### Supplied records
┌────────
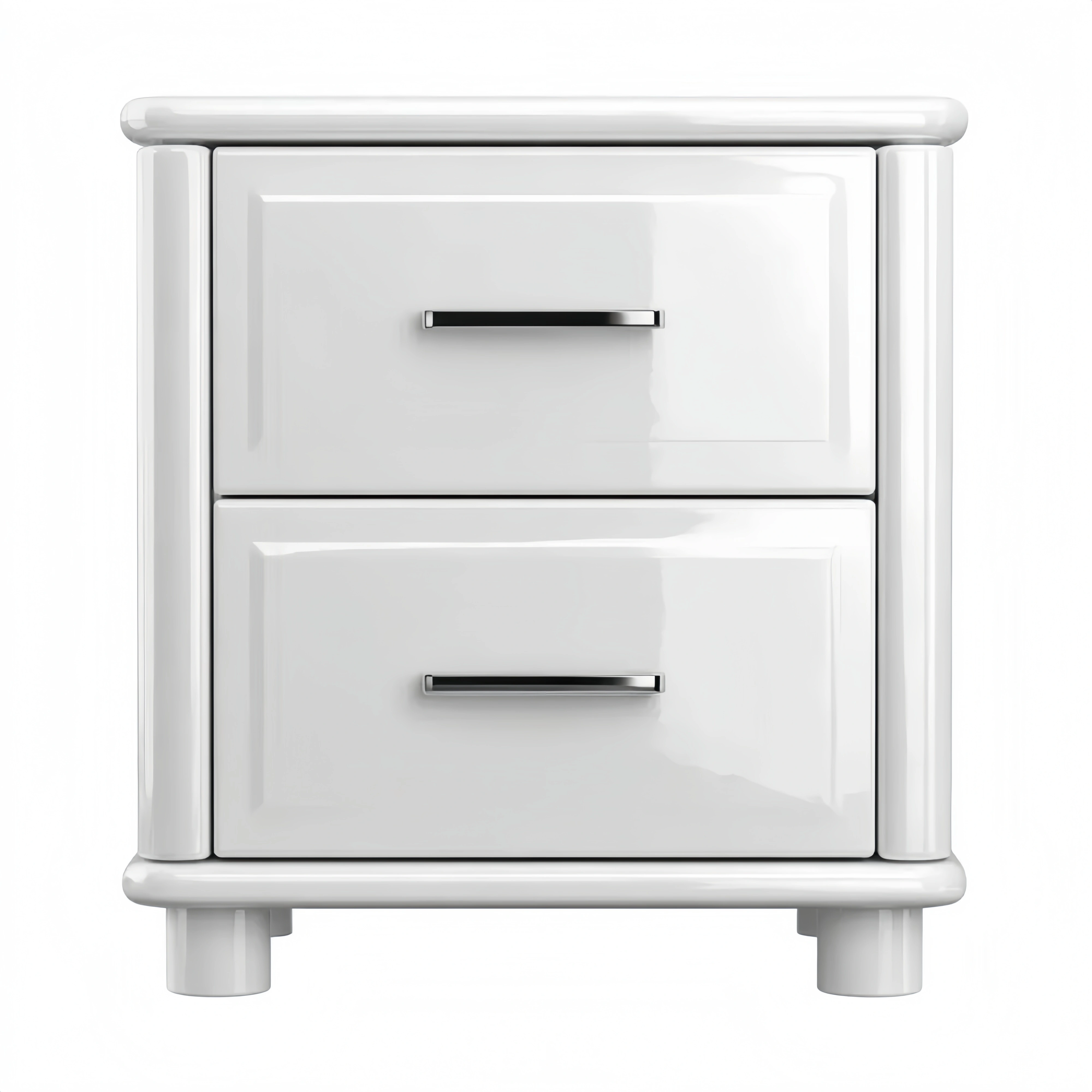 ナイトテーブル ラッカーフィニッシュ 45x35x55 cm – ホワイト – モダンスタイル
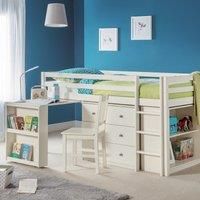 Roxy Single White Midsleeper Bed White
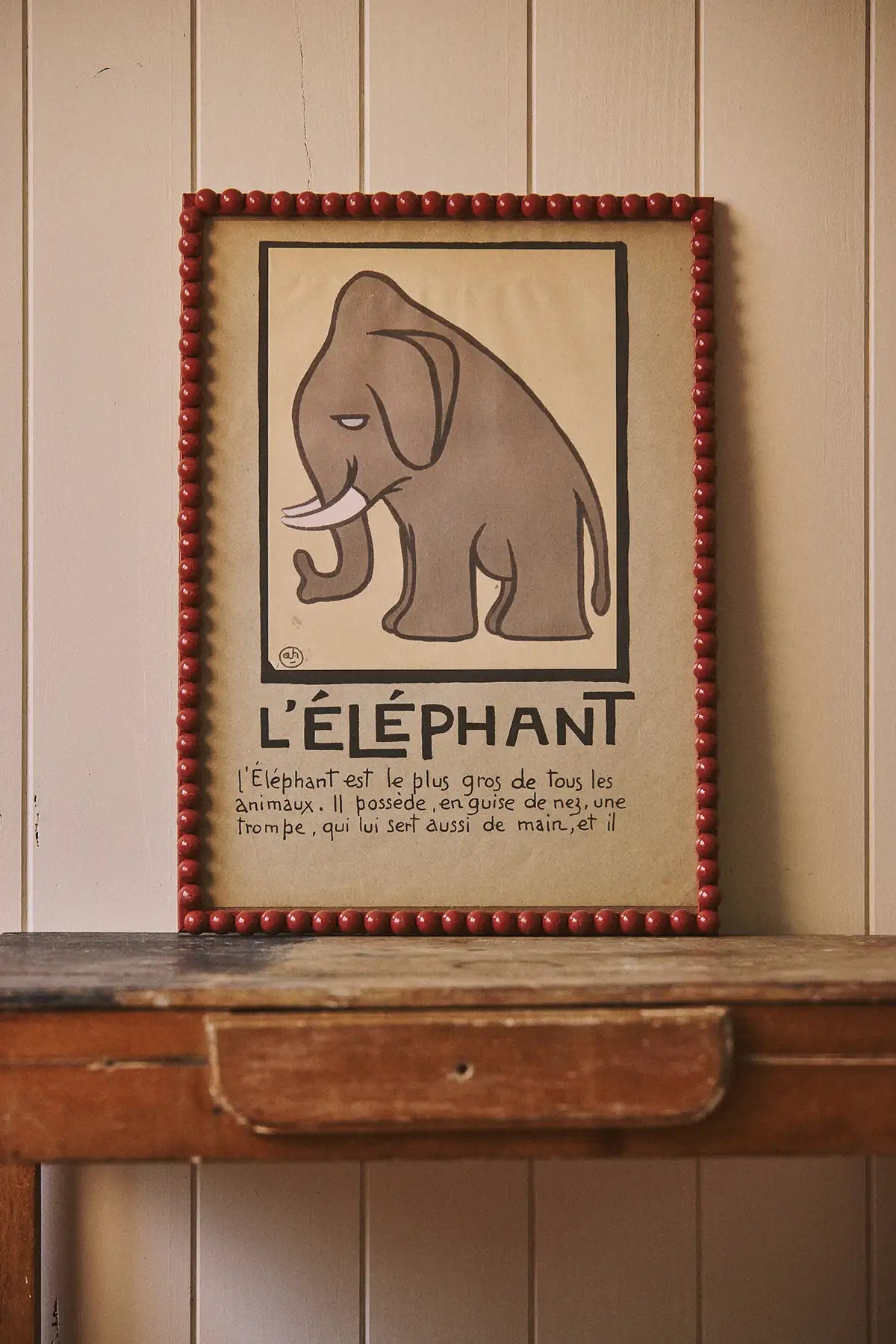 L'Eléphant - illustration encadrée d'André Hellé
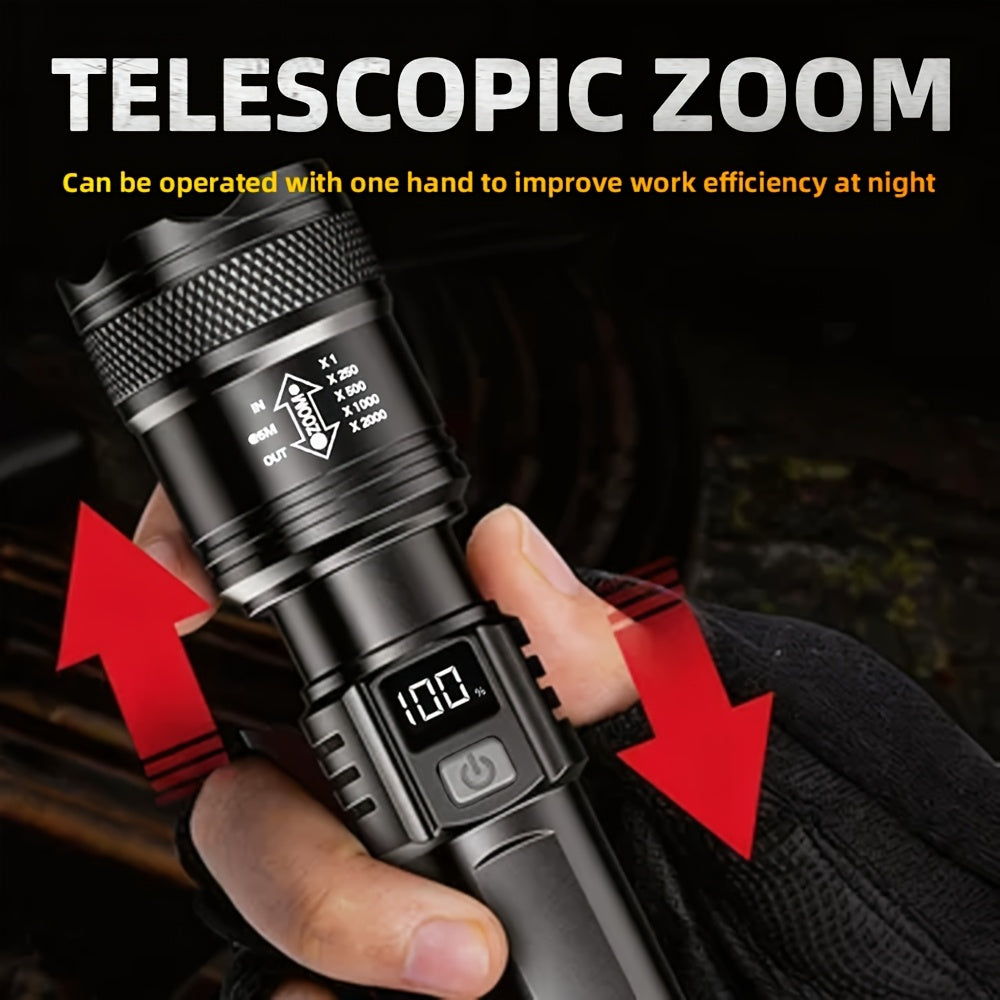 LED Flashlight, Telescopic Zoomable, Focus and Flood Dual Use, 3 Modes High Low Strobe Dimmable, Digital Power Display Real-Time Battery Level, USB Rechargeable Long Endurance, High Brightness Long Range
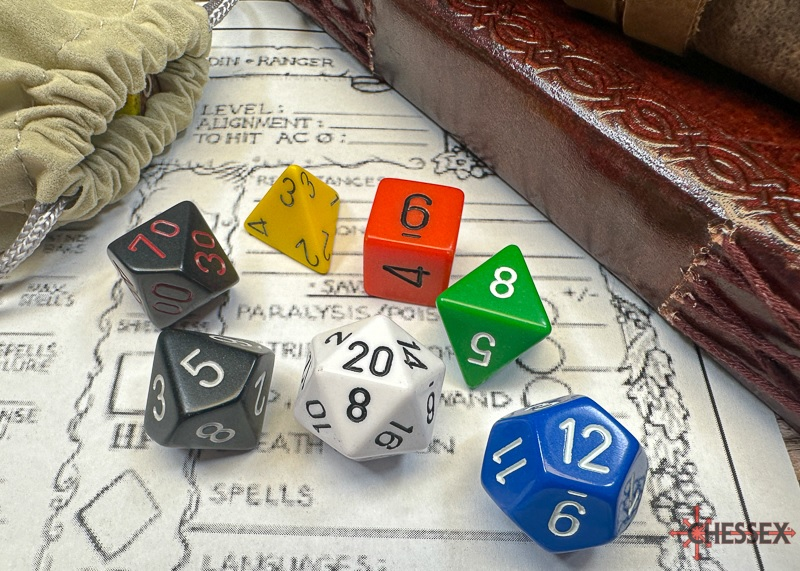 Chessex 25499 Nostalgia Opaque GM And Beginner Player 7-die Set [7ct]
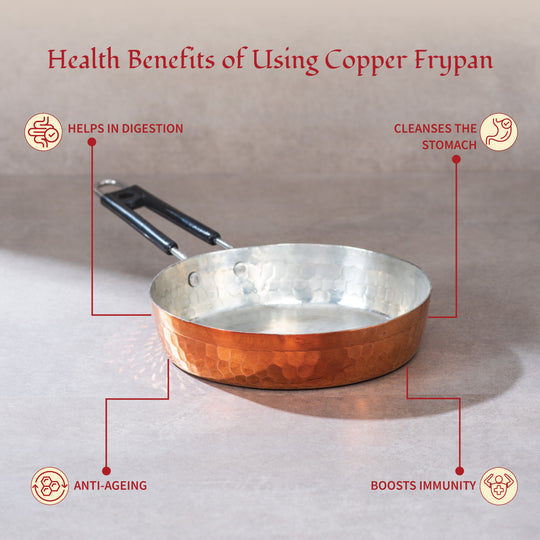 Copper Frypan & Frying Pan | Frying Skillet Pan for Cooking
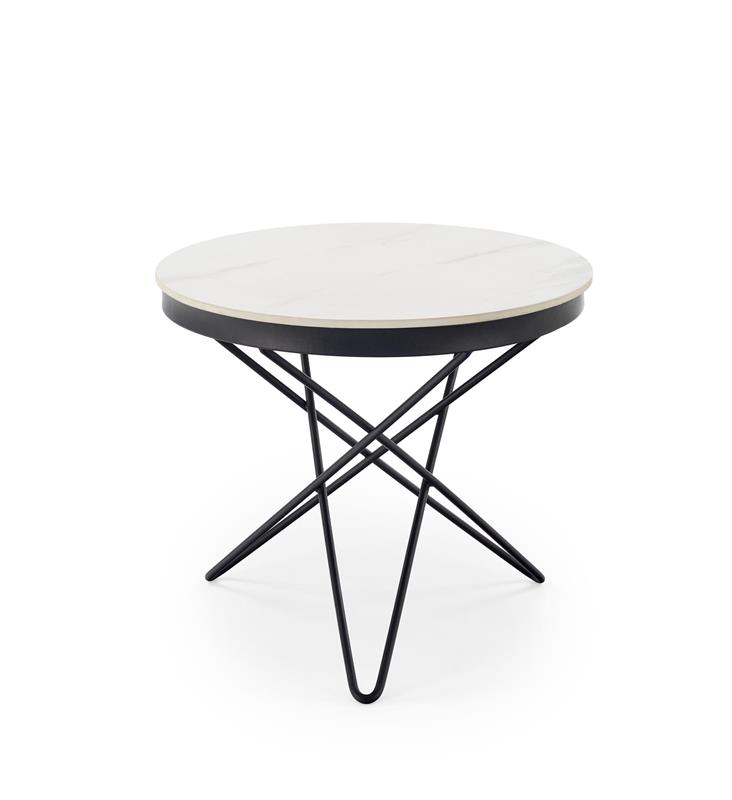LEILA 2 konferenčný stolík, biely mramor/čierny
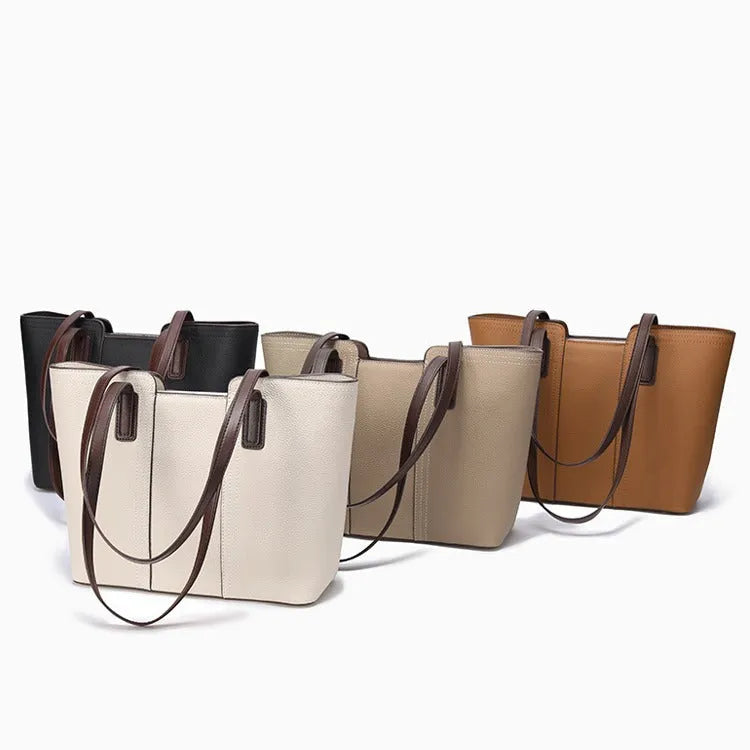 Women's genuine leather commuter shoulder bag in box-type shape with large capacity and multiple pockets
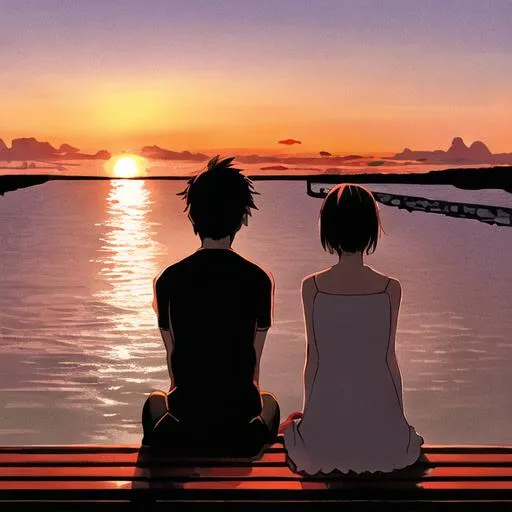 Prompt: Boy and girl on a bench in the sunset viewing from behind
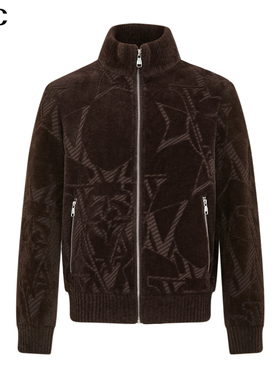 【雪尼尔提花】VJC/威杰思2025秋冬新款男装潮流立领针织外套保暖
└────────
### Your task
The lines to reproduce run from the line containing "LED Flashlight, Telescopic" through the last line of the records above, both included. Copy them exactly and drop the pictures.

### Solution for this exercise
 LED Flashlight, Telescopic Zoomable, Focus and Flood Dual Use, 3 Modes High Low Strobe Dimmable, Digital Power Display Real-Time Battery Level, USB Rechargeable Long Endurance, High Brightness Long Range
 Chessex 25499 Nostalgia Opaque GM And Beginner Player 7-die Set [7ct]
 Copper Frypan & Frying Pan | Frying Skillet Pan for Cooking
LEILA 2 konferenčný stolík, biely mramor/čierny
 Women's genuine leather commuter shoulder bag in box-type shape with large capacity and multiple pockets
 Prompt: Boy and girl on a bench in the sunset viewing from behind
 【雪尼尔提花】VJC/威杰思2025秋冬新款男装潮流立领针织外套保暖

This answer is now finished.